## SOURCE MATERIAL
------------------------------------------------
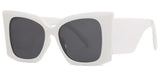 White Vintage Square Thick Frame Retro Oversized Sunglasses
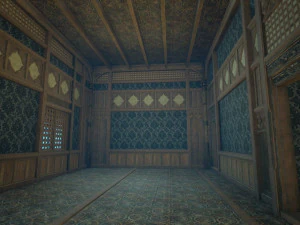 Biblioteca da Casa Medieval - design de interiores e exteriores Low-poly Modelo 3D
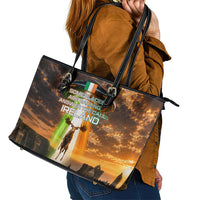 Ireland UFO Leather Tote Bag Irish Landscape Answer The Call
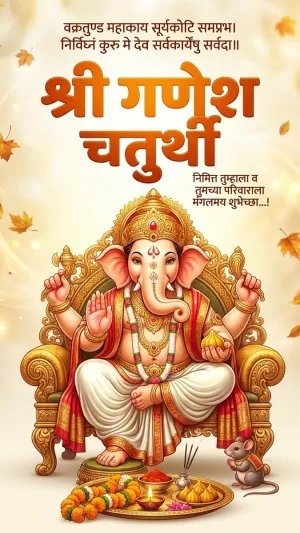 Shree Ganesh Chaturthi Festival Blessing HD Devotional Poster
------------------------------------------------
## AIM OF THE EXERCISE
An exact copy of the data above is required, printed without its pictures.

## TASK OUTPUT
 White Vintage Square Thick Frame Retro Oversized Sunglasses
 Biblioteca da Casa Medieval - design de interiores e exteriores Low-poly Modelo 3D
 Ireland UFO Leather Tote Bag Irish Landscape Answer The Call
 Shree Ganesh Chaturthi Festival Blessing HD Devotional Poster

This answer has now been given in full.